Real Madrid-Milan 1-3, una sera di ostinazione e metamorfosi

Nella vittoria dei rossoneri al Bernabeu in Champions League c’è soprattutto l’ostinazione di un uomo, di un allenatore, che ha continuato a non adattarsi a nulla, a seguire la sua strada a forza di bacchettate e musi duri, salvo poi, nella sera più importante, scendere a compromessi con se stesso

Al primo dei tre fischi finali dell’arbitro Slavko Vincic, Paulo Alexandre Rodrigues Fonseca, per brevità Paulo Fonseca e basta, aveva il volto affaticato e l’espressione furbastra e altera di chi sa di averla fatta grossa. Pochi minuti dopo, mentre osservava i suoi giocatori festeggiare sul prato del Santiago Bernabeu, gli occhi di Paulo Fonseca si sono riempiti di una caparbia fierezza, quella di chi ha capito che nella vittoria del Milan per 1-3 in casa del Real Madrid in Champions League c’è soprattutto l’ostinazione di un uomo, di un allenatore, che non si è adattato al contesto e alla squadra, ma ha adattato contesto e squadra alle sue idee e al suo lavoro, salvo poi, nel momento decisivo avere il coraggio e la scaltrezza di sparigliare tutto, trasformando il suo credo calcistico adatandolo alla situazione e all’avversario.
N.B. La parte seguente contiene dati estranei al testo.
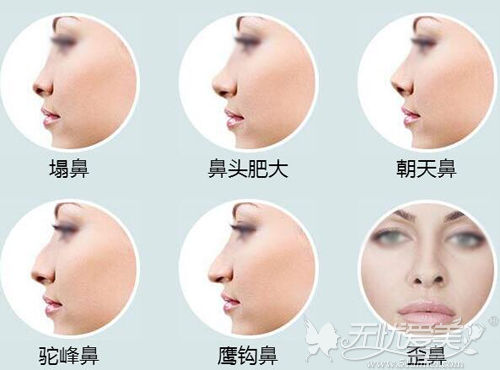 东方人常见的各种鼻型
A Milano Paulo Fonseca era arrivato in estate tra lo scetticismo di chi ne ricordava gli ultimi tristi mesi alla Roma nella primavera del 2021. Il suo Milan aveva fatto fatica, aveva giocato mediamente male, perso qualche volte di troppo.

L’avevano dato per esonerato, poi aveva vinto il derby. La sua permanenza sulla panchina del Milan sembrava essersi trasformata in una lenta agonia rossonera, esasperata dal volto infelice di Rafael Leão messo in disparte, seduto in panchina perché evanescente sul terreno di gioco. C’era chi non capiva le scelte dell’allenatore, chi le considerava sciocche, addirittura dannose. Si è mai curato troppo di tutto questo, quando ha sbottato lo ha fatto solo per la noia subentrata per le troppe domande uguali.

Poi è arrivata la sera del Bernabeu e tutto il lavoro fatto, le bacchettate ai suoi giocatori migliori, le panchine e i metodi duri, quasi grezzi usati, si sono trasformati in una reazione uguale e contraria. Orgoglio e determinazione. Il Milan di Paulo Fonseca è sceso in campo dimostrando di sapersi trasformare, di non essere una un’entità immutabile. Ha cercato di attaccare pensando prima alla difesa, in un mescolio di controllo e contropiede, di pressing e gestione del pallone, nel quale il Real Madrid si è trovato smarrito, a tratti frastornato nel vedere davanti a sé una squadra aveva immaginato diversa. Si è ibridato, correndo e rincorrendo a tutto campo (alla maniera di Yunus Musah, capace di essere uno e trino come solo pochissime volte era riuscito a fare al Milan) e poi dando spazio alla velocità e alla classe incostante di un Leão che sarà ondivago e a tratti svogliato, ma capace come nessuno di dare la carica ai compagni.

Paulo Fonseca spera che la partita contro il Real Madrid non sia soltanto un’apparizione autunnale, fragile e incerta come una foglia gialle su di un ramo. Spera che quanto fatto sin qui, tutta l’antipatia che si è attirato addosso possa trasformarsi se non in un innamoramento quanto meno in una pace giusta e serena.